# [What to produce]
Everything from the opening line of the records below through the line with "And now I can" must be duplicated exactly, pictures left out.

# [Information]

○ ○ ○

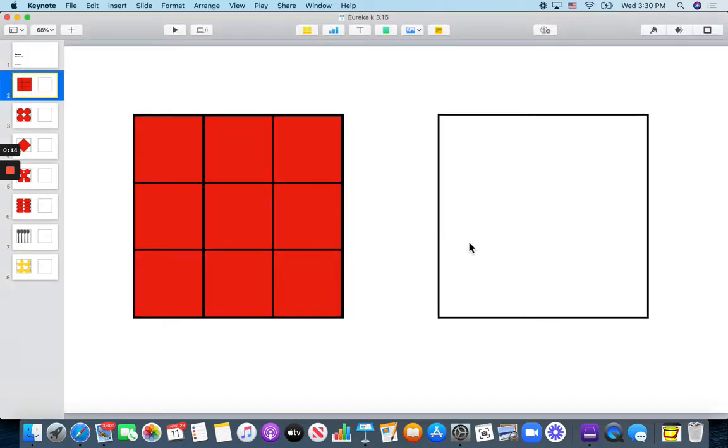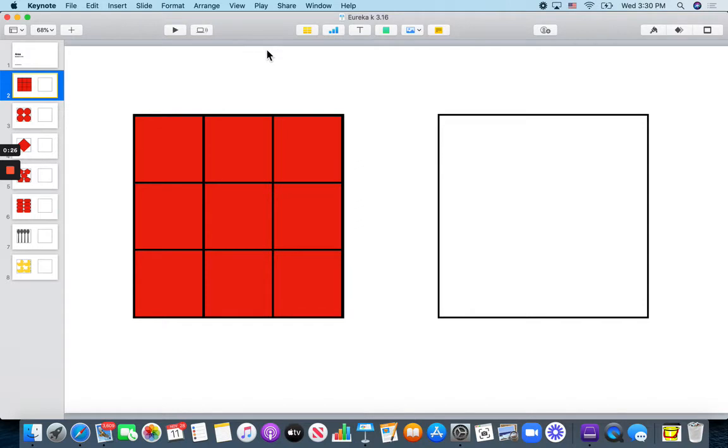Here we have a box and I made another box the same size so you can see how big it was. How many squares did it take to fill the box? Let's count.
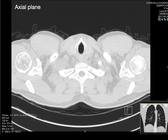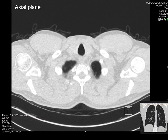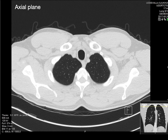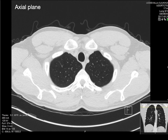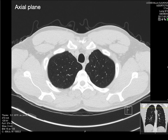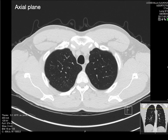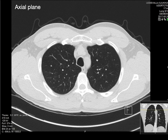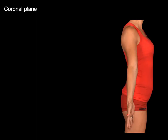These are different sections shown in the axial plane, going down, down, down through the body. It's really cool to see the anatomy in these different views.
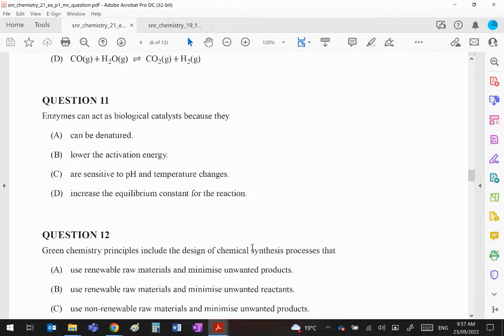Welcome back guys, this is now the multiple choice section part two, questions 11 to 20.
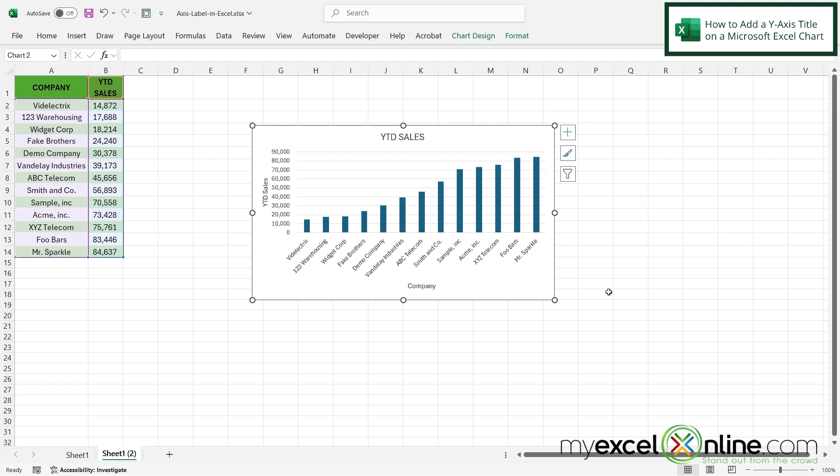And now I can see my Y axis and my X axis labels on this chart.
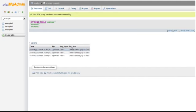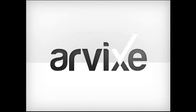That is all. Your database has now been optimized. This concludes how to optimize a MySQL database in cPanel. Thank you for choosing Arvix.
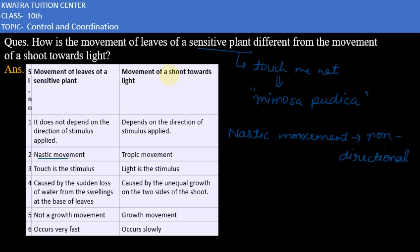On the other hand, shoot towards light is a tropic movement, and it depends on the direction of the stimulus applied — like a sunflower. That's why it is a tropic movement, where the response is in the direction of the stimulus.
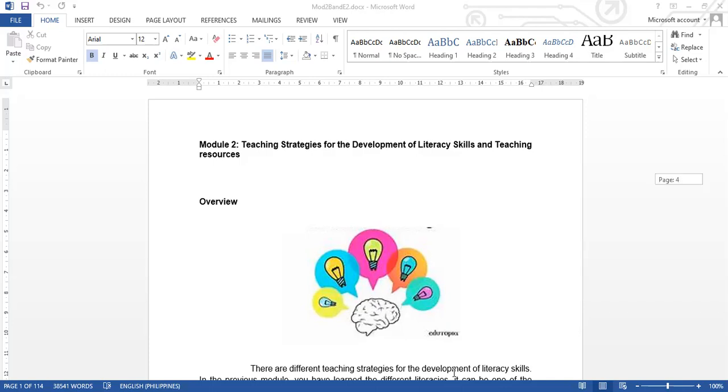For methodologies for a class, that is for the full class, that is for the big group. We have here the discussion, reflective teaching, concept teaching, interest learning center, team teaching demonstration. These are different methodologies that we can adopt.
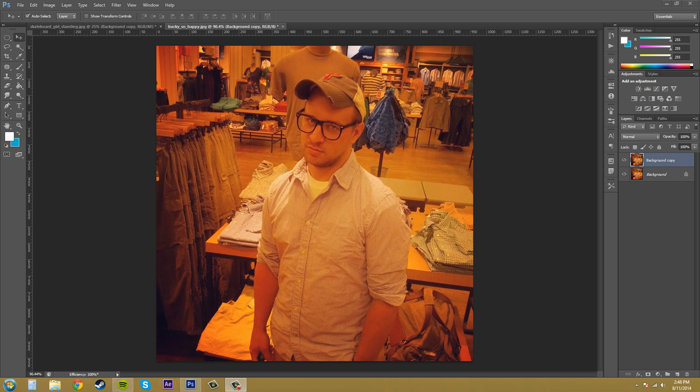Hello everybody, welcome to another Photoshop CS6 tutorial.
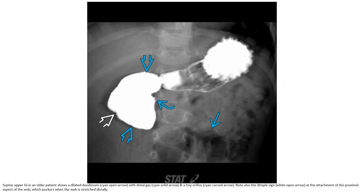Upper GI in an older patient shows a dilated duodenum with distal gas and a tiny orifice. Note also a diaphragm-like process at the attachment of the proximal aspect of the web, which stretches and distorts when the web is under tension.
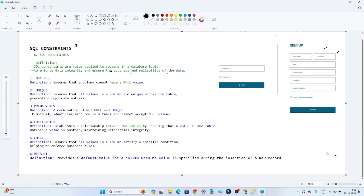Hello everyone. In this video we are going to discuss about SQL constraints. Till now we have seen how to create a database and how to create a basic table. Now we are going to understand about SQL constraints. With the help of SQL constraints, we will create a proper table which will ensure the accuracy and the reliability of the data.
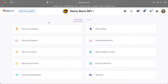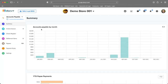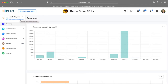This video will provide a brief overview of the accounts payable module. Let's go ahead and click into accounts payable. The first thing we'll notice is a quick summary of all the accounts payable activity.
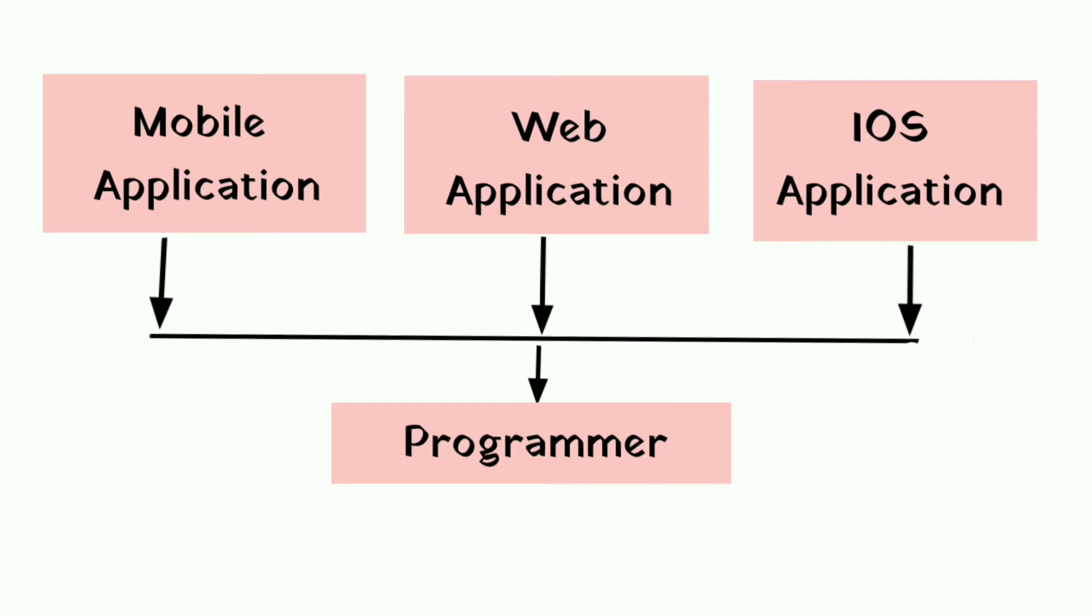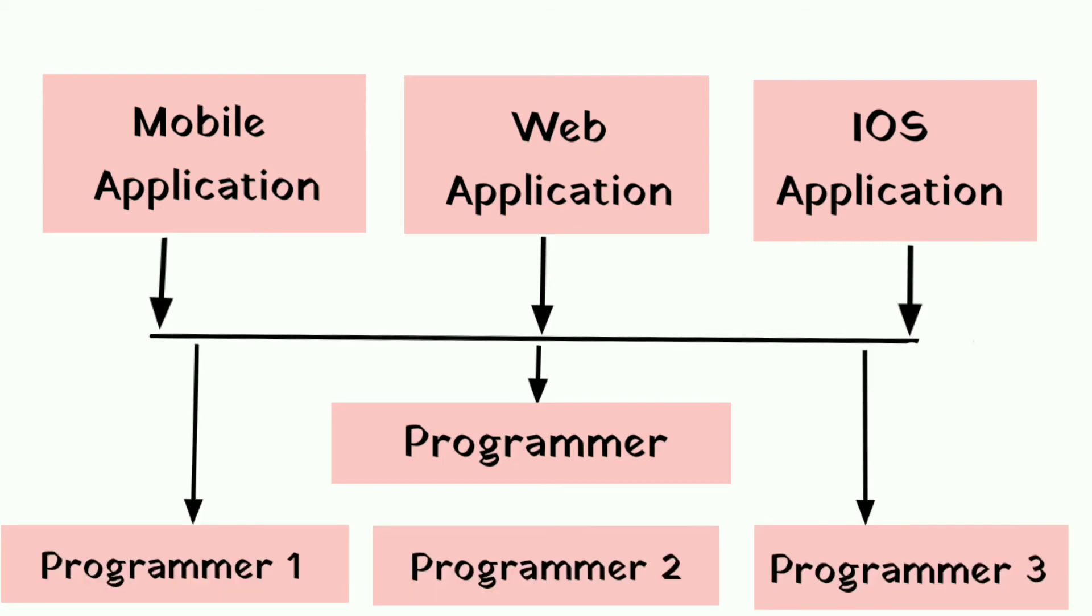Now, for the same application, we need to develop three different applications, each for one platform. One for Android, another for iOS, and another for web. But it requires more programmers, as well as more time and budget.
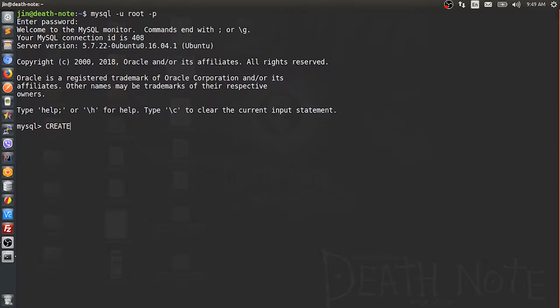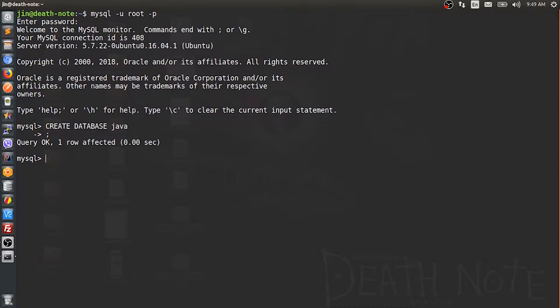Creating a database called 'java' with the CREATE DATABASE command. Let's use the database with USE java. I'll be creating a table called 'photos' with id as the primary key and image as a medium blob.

○ ○ ○

# [The completed task]
Here we have a box and I made another box the same size so you can see how big it was. How many squares did it take to fill the box? Let's count.
These are different sections shown in the axial plane, going down, down, down through the body. It's really cool to see the anatomy in these different views.
Welcome back guys, this is now the multiple choice section part two, questions 11 to 20.
And now I can see my Y axis and my X axis labels on this chart.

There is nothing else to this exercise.